**What the exercise asks:**
Only the text carries over: repeat the records exactly and drop the images.

**Exercise material:**
--- START ---
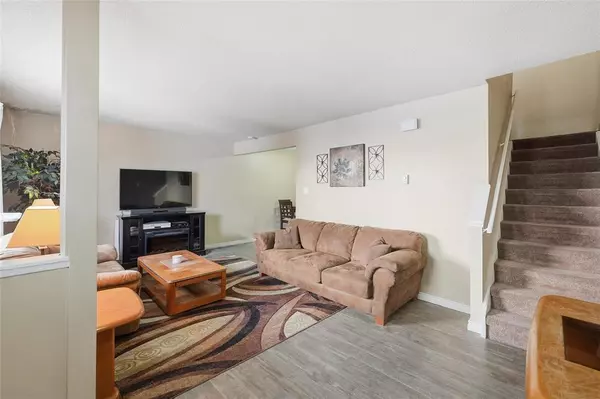 Winnipeg, MB R2P 1H8,917 Jefferson AVE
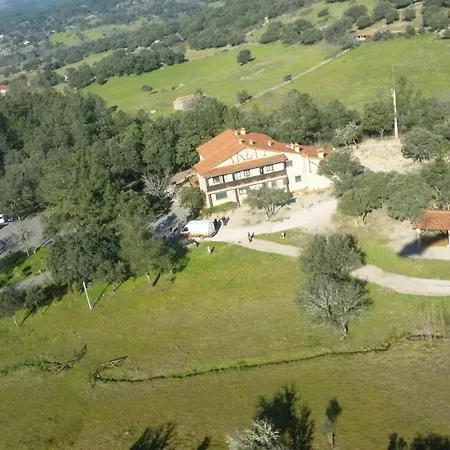 Rural Liceo מלון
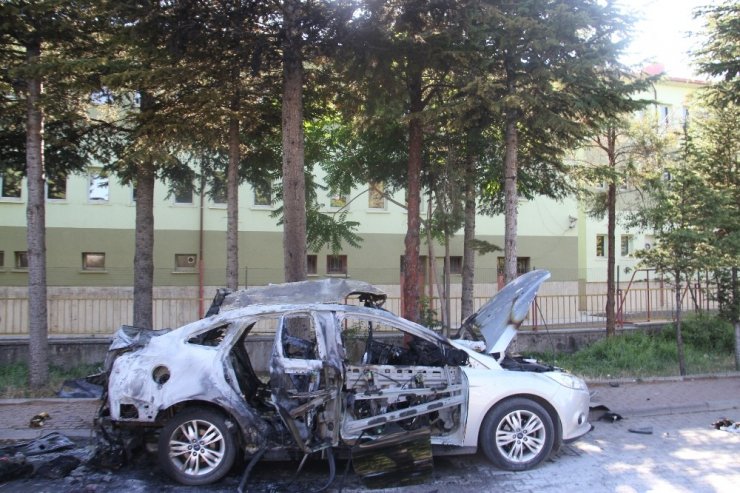 Otomobildeki piknik tüpü bomba gibi patladı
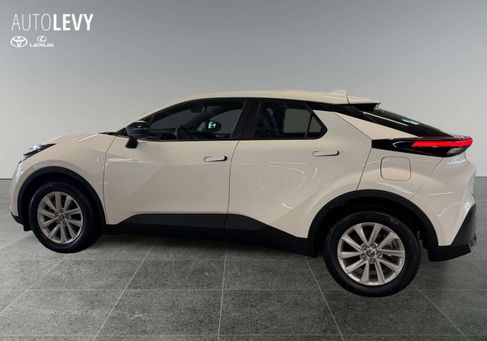 Toyota C-HR, 2024 3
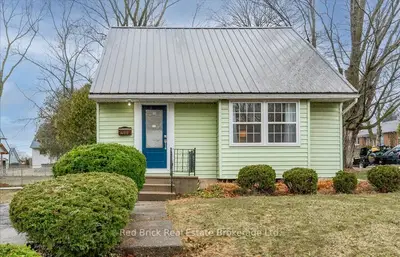 Detached in Guelph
--- END ---
**Task output:**
 Winnipeg, MB R2P 1H8,917 Jefferson AVE
 Rural Liceo מלון
 Otomobildeki piknik tüpü bomba gibi patladı
 Toyota C-HR, 2024 3
 Detached in Guelph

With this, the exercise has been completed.